At run-time, p() terminates with an obscurely worded error:

42703: column "t" of relation "t" does not exist.

"set t.v" is simply invalid SQL and the error has nothing with this discussion.

https://www.postgresql.org/docs/current/sql-update.html

Well, yes, David. Please forgive me. I elided too much. This syntax:

update t set t.v = 'mouse' where t.k = 1;

feels like it ought to be legal. And indeed it is in Oracle Database. And so, therefore, is it legal too in embedded form in a PL/SQL procedure that uses formals or local variables in place of the manifest constants.

I meant only to say “This expresses my aim. How can I spell it so that I can name the formals as I want?”

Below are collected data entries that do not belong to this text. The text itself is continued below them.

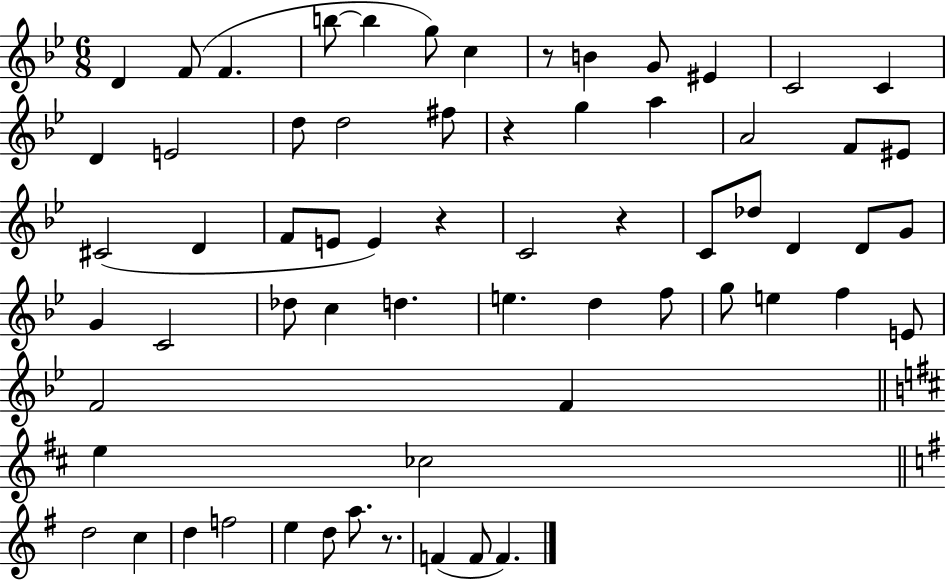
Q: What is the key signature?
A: BES major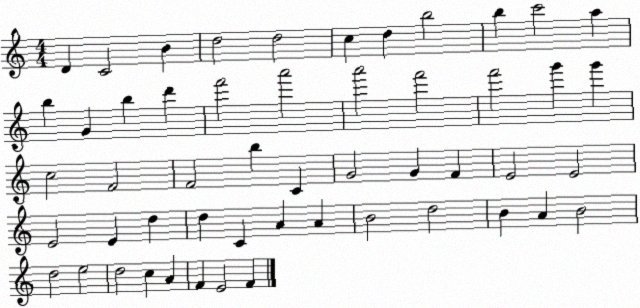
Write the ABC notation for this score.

X:1
T:Untitled
M:4/4
L:1/4
K:C
D C2 B d2 d2 c d b2 b c'2 a b G b d' f'2 a'2 a'2 f'2 f'2 g' g' c2 F2 F2 b C G2 G F E2 E2 E2 E d d C A A B2 d2 B A B2 d2 e2 d2 c A F E2 F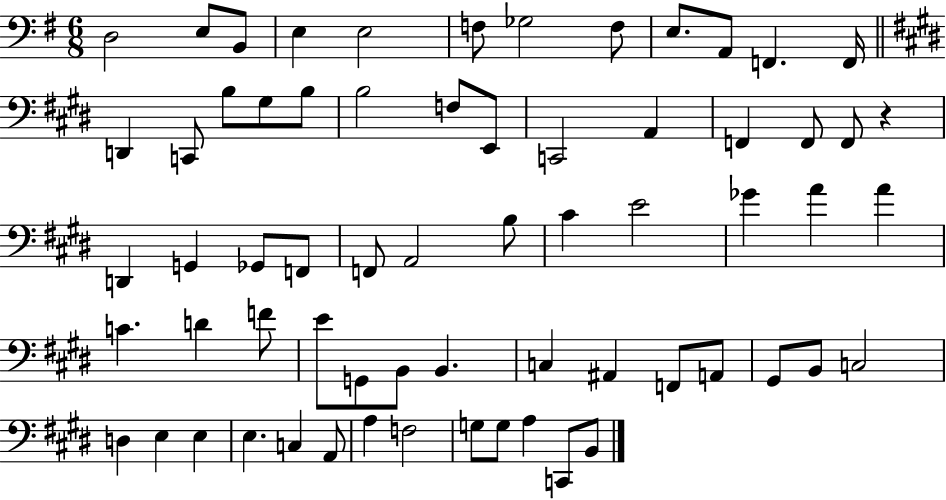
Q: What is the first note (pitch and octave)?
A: D3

I’m afraid that I was too short of time, earlier today, to take it further myself. I thought that it was the example that I’d remembered. But it simply isn’t. This works perfectly well:

drop procedure if exists u1.p(int, text) cascade;
create procedure u1.p(k in t.k%type, v in t.v%type)
  security definer
  language plpgsql
as $body$
begin
  update t set v = p.v where t.k = p.k;
end;
$body$;

It feels strange to me not to me able to qualify the name of the to-be-updated column. But I do see that this has no practical consequence. The syntax disambiguates the meaning here in a way that it cannot in a WHERE predicate.

So, unless I later find a better example, I’ll assume that I can always dot qualify the name of a schema variable in PL/pgSQL code.

In other words, my concern here simply falls away—which is a good thing.